Answer:        They have no secrets, it’s all out.  But it just so happened my son is married to a Swedish lady, ancestors are Swedes and they live up there in Maryland and he is an executive so his children are white.  My great daughter is white and my youngest son his wife is white and his son is white so in other words I’m just whistling in the dark when I say look.  And it just so happens that my son who is in Maryland, this is his third home he bought.  As he went through the ladder it seems a lot of the key people are Germans and Jews, I mean like they got like thirteen vice president’s.  And so his friends are all, like his closest friend is a uhm, German-Jewish, but Russian, and his wife is a school teacher.  So in other words, and he’s got some brilliant kids, so those kids, I wonder how they go at it.  Their mother is Russian and their father is German-Jew.  And but look they, they like me because they get a good argument out of me.

 

Question:      Look how different it is for your grandchildren, because if they had grown up in Louisiana

 

Answer:        You mean my brother’s kids?

 

Question:      No you your son’s children.  You have grandchildren, right?

 

Answer:        Yeah, two of them, but they didn’t come up in Louisiana.

 

Question:      Yeah, but if they did?

 

Answer:        They go visit but that’s it.  They think the people are crazy over there.

 

Question:      But you said they are white right now, but if they grew up when you were, like you said, if you had just one little bit

 

Answer:        It’s in the books still in Louisiana, if you had just one drop of, how can you determine, like my father said you can’t determine German blood, Jewish blood, Black blood, White blood.

 

Question:      All Black till you die.

 

Answer:        Now when I was in an ambulance outfit we’d pick up people on the front line.  American troops, and they’d tell me some of them don’t let that black boy or that nigger or words to that, and I said hey you not going to get no morphine if you keep talking like that.  He wasn’t talking to me, he was talking to me, but he was talking about my driver, and this is no time for me to say, who do you think you’re talking to.  My job was to take care of them get them in outfit.  That was like my office, I’d pick a different ambulance to ride with and I carried my morning report in my pocket because (inaudible) so we never went way in the back, we just dropped them people at a drop off point and stuff like that from the front line.  They kept moving.

 

Question:      They delineated even enough to say you’ve got a red cross on and you’re black and that’s ok for you to touch me but the driver he is black don’t have him touch me.

 

Answer:        No, they didn’t classify me as black.

 

Question:      Oh, they didn’t classify you as black?
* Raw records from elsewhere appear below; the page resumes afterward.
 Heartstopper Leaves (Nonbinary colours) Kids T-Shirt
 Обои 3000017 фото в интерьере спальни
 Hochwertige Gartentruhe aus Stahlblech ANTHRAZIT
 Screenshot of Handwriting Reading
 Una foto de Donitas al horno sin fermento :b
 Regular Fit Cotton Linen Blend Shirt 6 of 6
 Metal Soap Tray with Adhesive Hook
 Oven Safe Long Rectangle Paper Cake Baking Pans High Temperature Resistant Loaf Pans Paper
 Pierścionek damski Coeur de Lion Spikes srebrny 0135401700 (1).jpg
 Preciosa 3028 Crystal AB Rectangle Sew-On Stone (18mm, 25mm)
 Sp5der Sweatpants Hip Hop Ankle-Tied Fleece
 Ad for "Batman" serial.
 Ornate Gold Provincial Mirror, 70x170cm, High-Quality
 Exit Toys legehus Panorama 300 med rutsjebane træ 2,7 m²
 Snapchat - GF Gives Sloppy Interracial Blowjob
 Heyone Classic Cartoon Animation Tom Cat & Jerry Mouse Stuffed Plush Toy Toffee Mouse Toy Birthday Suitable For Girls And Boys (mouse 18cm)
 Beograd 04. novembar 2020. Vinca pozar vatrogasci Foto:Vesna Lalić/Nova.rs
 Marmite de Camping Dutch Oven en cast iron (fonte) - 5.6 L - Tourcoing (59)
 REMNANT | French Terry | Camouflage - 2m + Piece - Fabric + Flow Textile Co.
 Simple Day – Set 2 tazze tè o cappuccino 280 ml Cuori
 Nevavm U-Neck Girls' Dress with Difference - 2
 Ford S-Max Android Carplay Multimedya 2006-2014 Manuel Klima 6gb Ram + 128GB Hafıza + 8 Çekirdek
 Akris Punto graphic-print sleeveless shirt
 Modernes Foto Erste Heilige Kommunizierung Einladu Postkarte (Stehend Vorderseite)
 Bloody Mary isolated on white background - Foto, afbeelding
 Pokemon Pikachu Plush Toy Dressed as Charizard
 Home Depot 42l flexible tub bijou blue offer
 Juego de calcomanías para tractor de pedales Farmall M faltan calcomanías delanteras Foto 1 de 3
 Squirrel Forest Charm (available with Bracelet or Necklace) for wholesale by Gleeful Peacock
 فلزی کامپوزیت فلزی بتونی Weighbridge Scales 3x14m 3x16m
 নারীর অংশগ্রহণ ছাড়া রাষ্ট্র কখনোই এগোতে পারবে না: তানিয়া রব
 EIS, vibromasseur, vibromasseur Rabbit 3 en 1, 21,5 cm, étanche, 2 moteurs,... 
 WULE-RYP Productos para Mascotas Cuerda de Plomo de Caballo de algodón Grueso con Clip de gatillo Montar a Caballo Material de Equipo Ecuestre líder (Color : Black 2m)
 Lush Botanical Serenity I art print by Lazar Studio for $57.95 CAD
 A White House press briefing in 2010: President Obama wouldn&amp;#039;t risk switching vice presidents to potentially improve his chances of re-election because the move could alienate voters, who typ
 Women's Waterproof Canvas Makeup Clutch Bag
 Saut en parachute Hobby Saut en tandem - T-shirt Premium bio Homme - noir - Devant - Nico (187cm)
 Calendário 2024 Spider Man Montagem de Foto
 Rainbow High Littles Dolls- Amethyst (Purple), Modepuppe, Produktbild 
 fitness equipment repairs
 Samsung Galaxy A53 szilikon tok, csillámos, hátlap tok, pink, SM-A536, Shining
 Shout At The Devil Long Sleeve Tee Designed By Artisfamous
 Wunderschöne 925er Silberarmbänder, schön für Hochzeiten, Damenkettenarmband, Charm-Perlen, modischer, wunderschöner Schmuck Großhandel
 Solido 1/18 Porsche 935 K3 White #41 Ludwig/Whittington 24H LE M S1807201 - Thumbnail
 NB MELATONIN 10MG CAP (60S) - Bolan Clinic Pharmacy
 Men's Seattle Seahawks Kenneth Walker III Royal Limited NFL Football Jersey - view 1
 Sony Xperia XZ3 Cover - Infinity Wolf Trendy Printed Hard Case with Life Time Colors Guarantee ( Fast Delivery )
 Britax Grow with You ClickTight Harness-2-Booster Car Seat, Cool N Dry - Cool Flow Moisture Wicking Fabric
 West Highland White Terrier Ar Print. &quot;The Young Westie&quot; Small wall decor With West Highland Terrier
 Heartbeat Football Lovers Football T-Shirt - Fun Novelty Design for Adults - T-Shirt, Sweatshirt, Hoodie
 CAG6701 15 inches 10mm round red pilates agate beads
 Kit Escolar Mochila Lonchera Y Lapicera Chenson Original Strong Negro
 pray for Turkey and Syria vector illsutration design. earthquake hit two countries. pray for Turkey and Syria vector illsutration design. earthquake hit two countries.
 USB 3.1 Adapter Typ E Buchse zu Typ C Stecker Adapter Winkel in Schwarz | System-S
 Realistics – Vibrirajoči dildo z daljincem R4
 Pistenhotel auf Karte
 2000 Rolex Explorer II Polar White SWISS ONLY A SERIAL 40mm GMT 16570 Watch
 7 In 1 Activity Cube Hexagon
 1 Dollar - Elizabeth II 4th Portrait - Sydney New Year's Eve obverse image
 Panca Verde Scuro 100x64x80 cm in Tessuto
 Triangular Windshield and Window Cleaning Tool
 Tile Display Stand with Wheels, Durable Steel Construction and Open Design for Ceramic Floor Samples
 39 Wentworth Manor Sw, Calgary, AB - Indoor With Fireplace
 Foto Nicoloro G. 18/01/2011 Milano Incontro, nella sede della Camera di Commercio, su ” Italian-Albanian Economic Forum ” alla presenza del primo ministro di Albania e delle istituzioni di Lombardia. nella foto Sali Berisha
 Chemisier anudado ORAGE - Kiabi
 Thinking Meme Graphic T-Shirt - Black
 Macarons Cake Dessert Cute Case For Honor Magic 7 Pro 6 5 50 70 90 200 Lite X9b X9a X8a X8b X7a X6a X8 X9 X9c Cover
Oh.

 

Answer:        I’m talking about the wounded.  Looking over there, he says, hey, I’m white.  Well that is what he is talking to me like, but all the fellows were not my complexion.  So consequently it was just a matter, because you got some dark people in the white race, not black but dark.  But all of my fellow workers in the ambulance company, they were all black, there was no brown skinned outfit and all that stuff at that time.  The mobilization of the arms that was World War II.  You didn’t have many mixed races going on having children like in my case, my father connected with Cajun and a Creole, no you didn’t have too much of that.